I will never forget that September in Autumn 1972, when our new Physics teacher walked into the class. She was very young, lively and joyful.
All the students were silent. We were all eyes and ears to see what the new teacher has for us. What would she say on the first day of the new academic year, and what is she like?
We were expecting to hear about her teaching methods and the exams. But contrary to our expectations, she started by saying, “Don’t worry about physics. We will finish the course by the end of the year and all of you will pass the course. I would rather speak about other things.”
Then, without losing time and after a brief introduction, she went on, “Do you know what ‘worldview’ means? Do you know that each and every one of you has a ‘worldview’? Do you know that every one of you has an ‘ideology’?”
And after a serial of questions, she finally asked us, “Now, do you want me to teach you about these things before I teach you physics?”
Speechless but curious, we were looking at this young teacher whom we came to love in the first encounter. We replied, “Yes!”
It seemed like this was the whole reason why she had come to our school. She began by simple words. It was the first time we were hearing these issues and it was difficult for us to understand them. But she was so serious and so earnest in her efforts to make us understand, that we all felt it was something very important that we must learn. So, we carefully listened to every word of hers.
On the following days, she continued to teach us similar philosophical terms. Like every other course, she had a lesson plan. We had also prepared a separate notebook to write down everything she explained to us.
The concepts were difficult but she had simplified everything such that we enjoyed learning them. All week, we were waiting for her class.
Our enthusiasm turned the physics class into a class of philosophy, and gradually we stepped into a new world. At that young age, we came to learn issues that belonged to the world of adults.
We could clearly see each other setting aside our childish ways and starting to get serious about the life of our people and our country. Within a month, young girls who used to follow new fashions, were secretly speaking together about political issues of the day.
One day, she told us about the destitution of poor people living in south Tehran.
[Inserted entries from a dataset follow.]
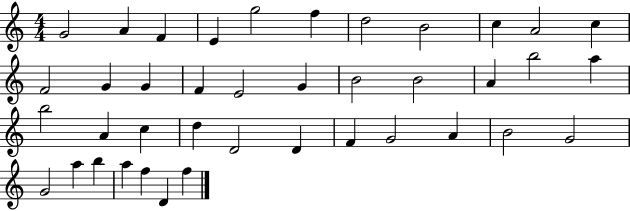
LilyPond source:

{
  \clef treble
  \numericTimeSignature
  \time 4/4
  \key c \major
  g'2 a'4 f'4 | e'4 g''2 f''4 | d''2 b'2 | c''4 a'2 c''4 | \break f'2 g'4 g'4 | f'4 e'2 g'4 | b'2 b'2 | a'4 b''2 a''4 | \break b''2 a'4 c''4 | d''4 d'2 d'4 | f'4 g'2 a'4 | b'2 g'2 | \break g'2 a''4 b''4 | a''4 f''4 d'4 f''4 | \bar "|."
}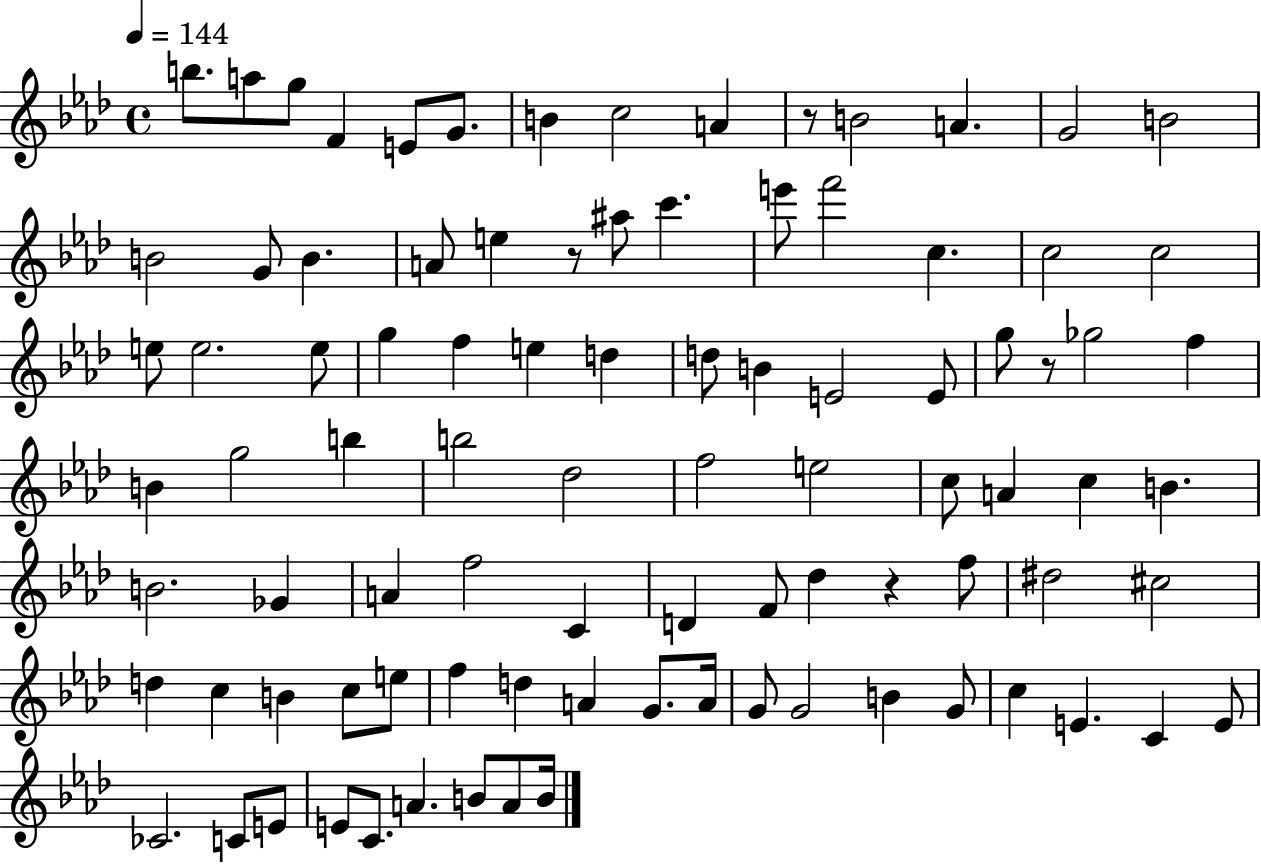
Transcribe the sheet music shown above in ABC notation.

X:1
T:Untitled
M:4/4
L:1/4
K:Ab
b/2 a/2 g/2 F E/2 G/2 B c2 A z/2 B2 A G2 B2 B2 G/2 B A/2 e z/2 ^a/2 c' e'/2 f'2 c c2 c2 e/2 e2 e/2 g f e d d/2 B E2 E/2 g/2 z/2 _g2 f B g2 b b2 _d2 f2 e2 c/2 A c B B2 _G A f2 C D F/2 _d z f/2 ^d2 ^c2 d c B c/2 e/2 f d A G/2 A/4 G/2 G2 B G/2 c E C E/2 _C2 C/2 E/2 E/2 C/2 A B/2 A/2 B/4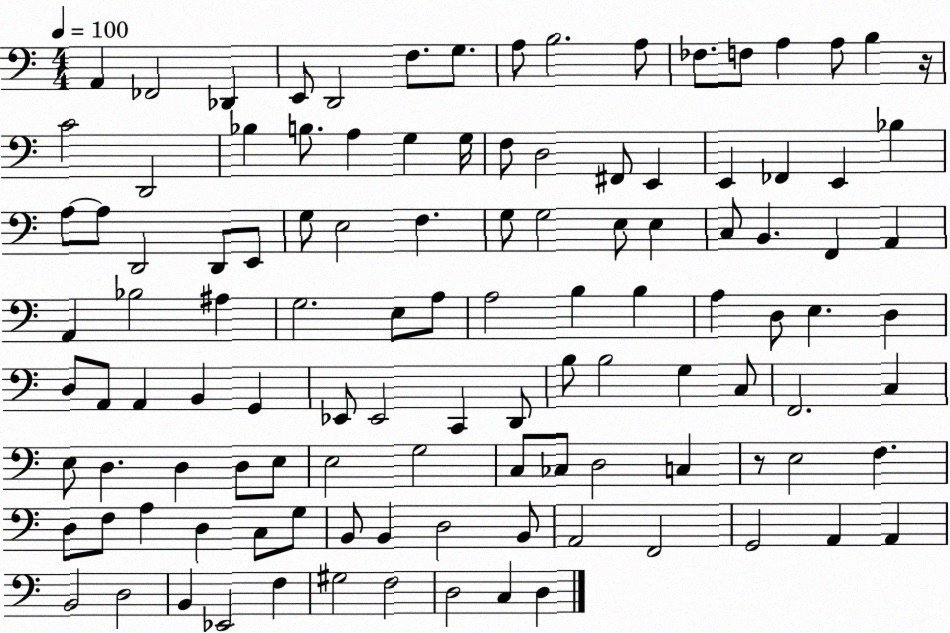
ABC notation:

X:1
T:Untitled
M:4/4
L:1/4
K:C
A,, _F,,2 _D,, E,,/2 D,,2 F,/2 G,/2 A,/2 B,2 A,/2 _F,/2 F,/2 A, A,/2 B, z/4 C2 D,,2 _B, B,/2 A, G, G,/4 F,/2 D,2 ^F,,/2 E,, E,, _F,, E,, _B, A,/2 A,/2 D,,2 D,,/2 E,,/2 G,/2 E,2 F, G,/2 G,2 E,/2 E, C,/2 B,, F,, A,, A,, _B,2 ^A, G,2 E,/2 A,/2 A,2 B, B, A, D,/2 E, D, D,/2 A,,/2 A,, B,, G,, _E,,/2 _E,,2 C,, D,,/2 B,/2 B,2 G, C,/2 F,,2 C, E,/2 D, D, D,/2 E,/2 E,2 G,2 C,/2 _C,/2 D,2 C, z/2 E,2 F, D,/2 F,/2 A, D, C,/2 G,/2 B,,/2 B,, D,2 B,,/2 A,,2 F,,2 G,,2 A,, A,, B,,2 D,2 B,, _E,,2 F, ^G,2 F,2 D,2 C, D,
Another day, she talked about the Shah’s White Revolution and his celebrations of the 2500 years of monarchy in Iran.
When she talked about the poor, tears welled in our eyes. I remember that at the end of her class, everyone, without exception, brought our savings to school so that she could take them for the deprived children she was telling us about. We loved her so much.
While in other schools, students had finished several lessons in physics and preparing for the first exam of the year, we had only studied the lesson on vectors.
We were thirsting to learn more from our favorite teacher, and she used every opportunity to enhance our emotions about what was happening around us.
I will never forget the day she came to the yard during the break.
Unlike other teachers who never mixed with us, she came and joined us as we were playing volleyball. Suddenly, she noticed one of the kids who did not have a watch. She immediately took off her own and gave it to her.
In the beginning, nobody took it seriously. We were laughing and teasing each other. Our classmate was embarrassed to take the teacher’s watch, but she did not let her go. She insisted so much that the student finally had to wear the watch.
Everyone was so impressed that day by what she did. The news spread even to our neighboring school. Until that day, no one had seen such new relations between teachers and students. In a word, she had conquered the hearts and minds of each and every one of us.
Finally, our high school’s principal who was a member of the Shah’s secret police, SAVAK, found out about our class and our beloved teacher, and decided to fire her.
The day she came to our class for the last time, all of us cried. That day, we found out why she did not lose any moment in teaching us.
Despite passage of years, I can still remember our final farewell with our favorite teacher. On that last day, she tried to use every brief opportunity to tell and teach us whatever she could. She spoke of the devastating impact of the Shah’s White Revolution, and of the root causes of our people’s poverty and affliction.
In the end, with tears in her eyes, she bid us farewell while holding up her hand showing the victory sign.
This kind and sincere teacher was no one but Ashraf Rajavi who became the symbol of women in the People’s Mojahedin Organization of Iran (PMOI/MEK). She was one of the most resistant political prisoners in the Shah’s prison and subjected to the most brutal tortures.
In those dark days of the Shah’s dictatorship, she was the one who opened our eyes to history and revolution and changed the course of our lives. Later, when I joined the National Liberation Army in Ashraf, I saw more of my classmates who had undertaken the path of our heroic teacher, in the city named after her.
I have always remembered Ashraf, in her simple green suit, swiftly moving around. Running quickly up the stairs and walking into the class, she threw her car keys on the desk and immediately started asking about how we were doing. She never lost a moment. She walked as if she was running. She knew she did not have much time for her great mission. She was our teacher for only two months in a high school in downtown Tehran. In those two months, she taught us lessons of humanity and loyalty to our nation, and she changed the face of our school.
Ashraf Rajavi was our generation’s teacher. In those days, we did not realize that she would be leading the way for our people’s revolution.